When the scheduler removes the “pending” status, the bypass note should be updated with an annotation that no call back was received. If a call back was received, and it was determined that the appointment could not be scheduled for some other reason (related to another bypass code), the record should be updated accordingly.

Code S – Sub-specialty. This code is used if the case requires a different subspecialty, or if the physician does not evaluate the specific body part or extremity. For instance, the physician will only perform exams for back conditions but the claimant has an upper extremity injury.

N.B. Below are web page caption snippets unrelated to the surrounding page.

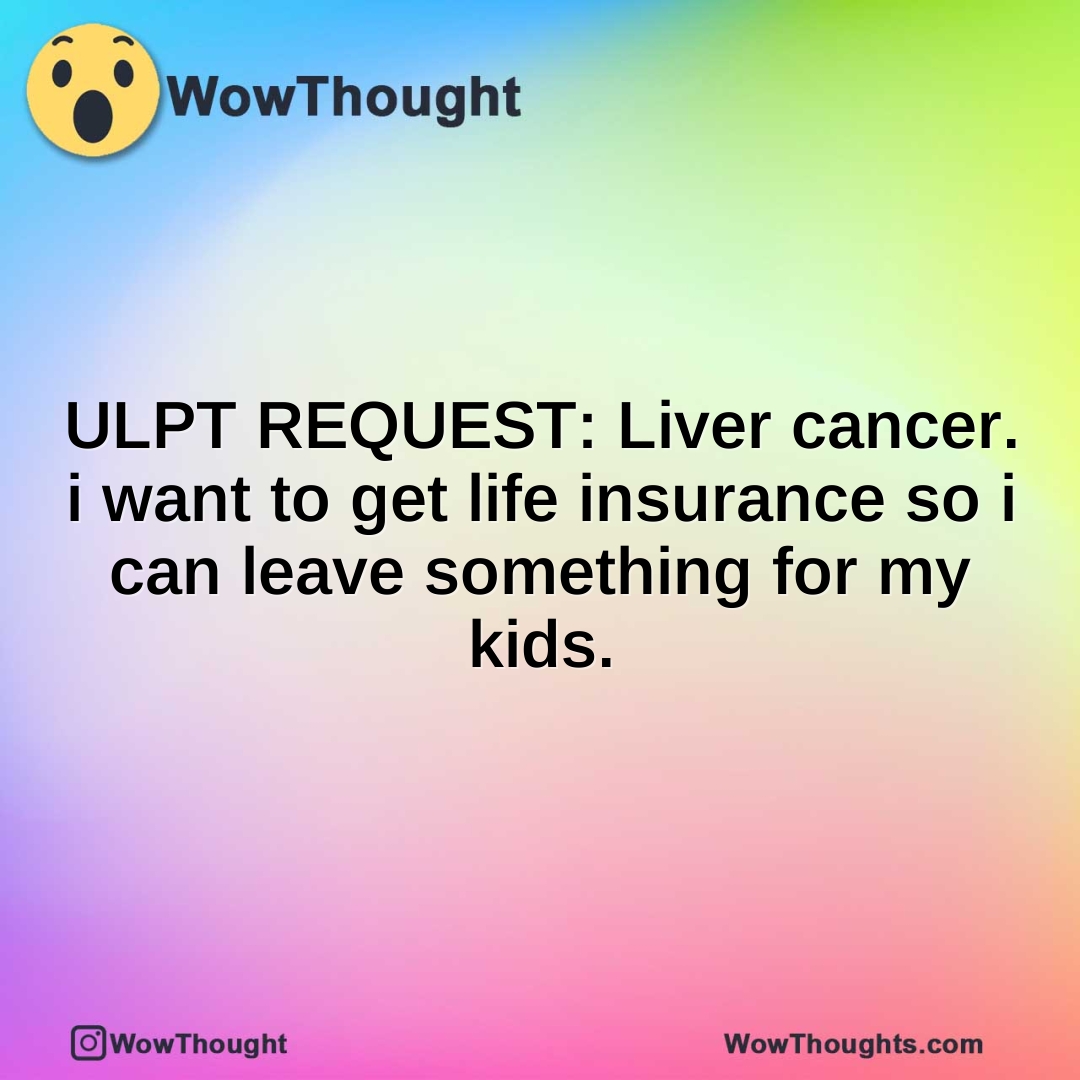 ULPT REQUEST: Liver cancer. i want to get life insurance so i can leave something for my kids.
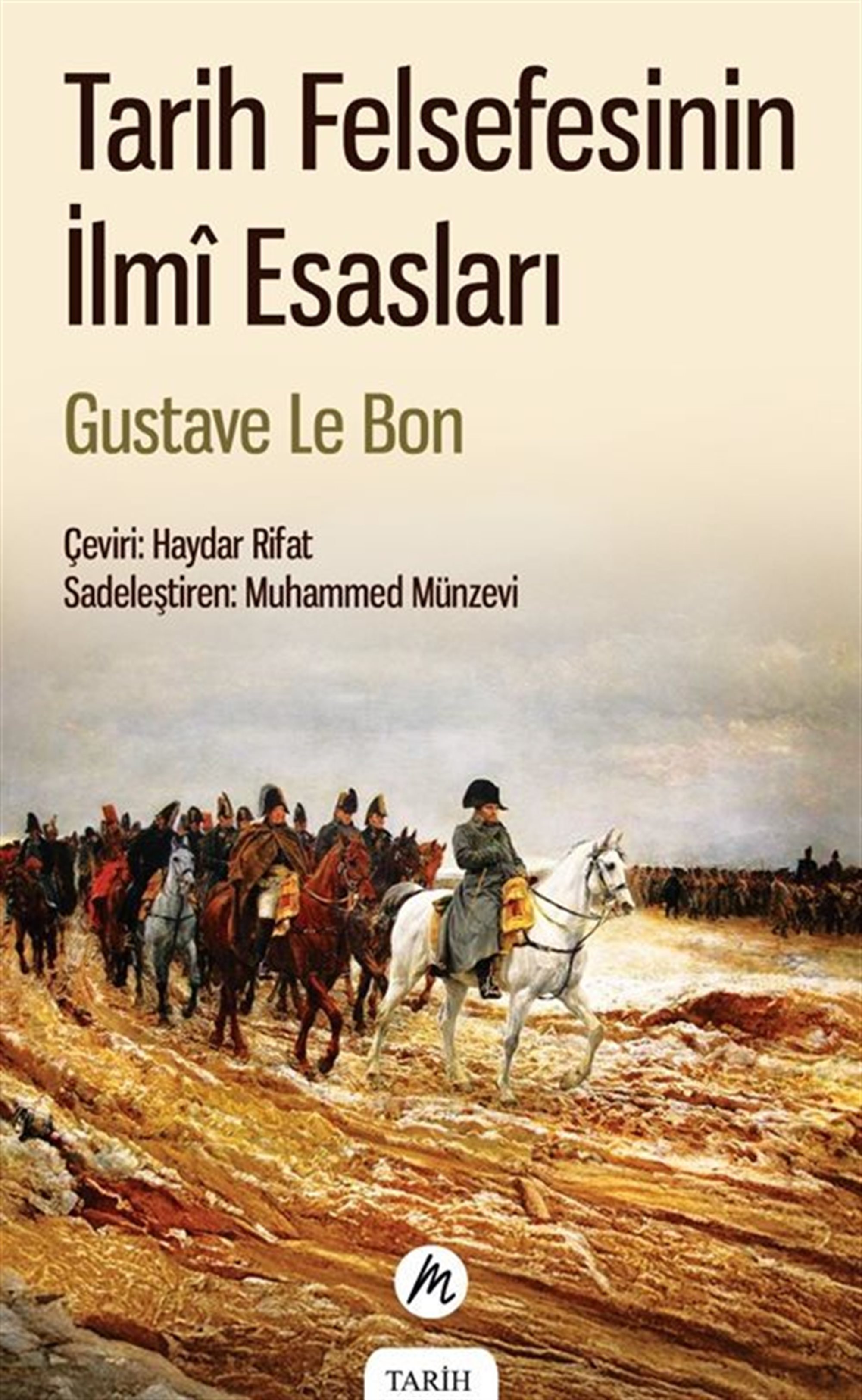 Tarih Felsefesinin İlmî Esasları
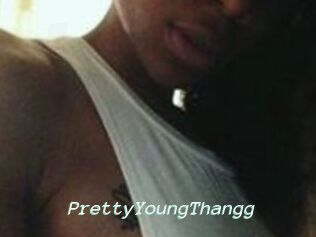 PrettyYoungThangg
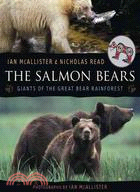 The Salmon Bears ─ Giants of the Great Bear Rainforest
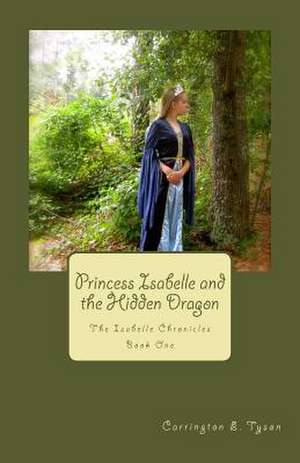 Princess Isabelle and the Hidden Dragon de Carrington E. Tyson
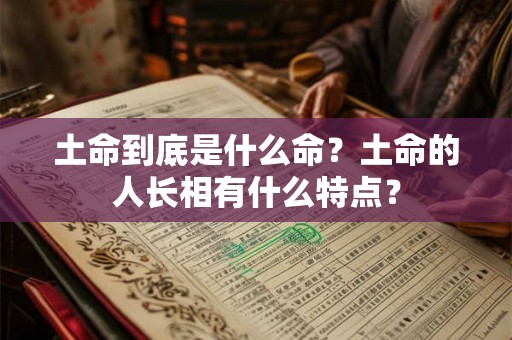 土命到底是什么命?土命的人长相有什么特点? 土命到底是什么命?土命的人长相有什么特点?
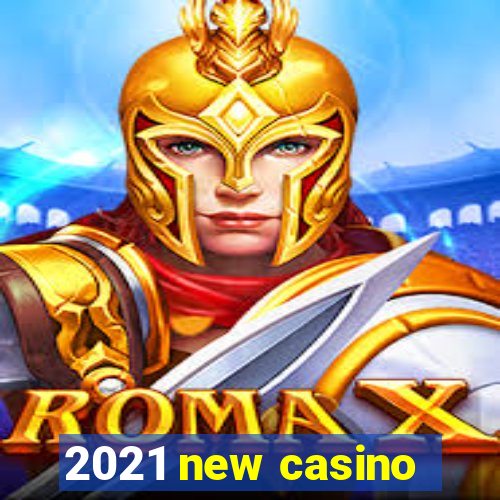 2021 new casino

Code U - Physician in use by another scheduler. This code is used when the physician is in use by another scheduler. It is not available as a bypass option; it is automatically updated when the next physician in the rotation is currently in use or in pending status (being contacted for an appointment) by another scheduler.

If a claimant is being sent to or has been sent to an IME on or after December 17, 2012, a copy of the ME023 report and all other documentation should be requested so that the claimant has proof the IME was in fact randomly selected. If the IME appointment is outside the 200 mile range of the claimant’s zip code, documentation must now be in the claimant’s file.

If the claimant hasn’t done so, a copy of the claimant’s file should also be requested as the ME023 report and all other documentation should be contained in the claimant’s file and often it is quicker for a claimant to get a copy of their file than a response from their CE.

If the IME was not randomly selected, the claimant can use that information to overturn the IME report or use the fact that the IME was not randomly selected on appeal.


  1. My ME023 was not in my case file and I have requested it several times and was told by my CE that they do not have copies of it and they do not have to give it to me even if they had the copies. My IME was in 2013.

  2. The ME023 is the best evidence that the IME was properly selected, so they do need to give it to you. If it doesn't exist, that's an argument on appeal.

    You might consider contacting your Congressperson to get OWCP to provide the ME023 or an explanation why it doesn't exist.

    If OWCP made an adverse decision against you, say terminated benefits, no ME023 is an argument on appeal.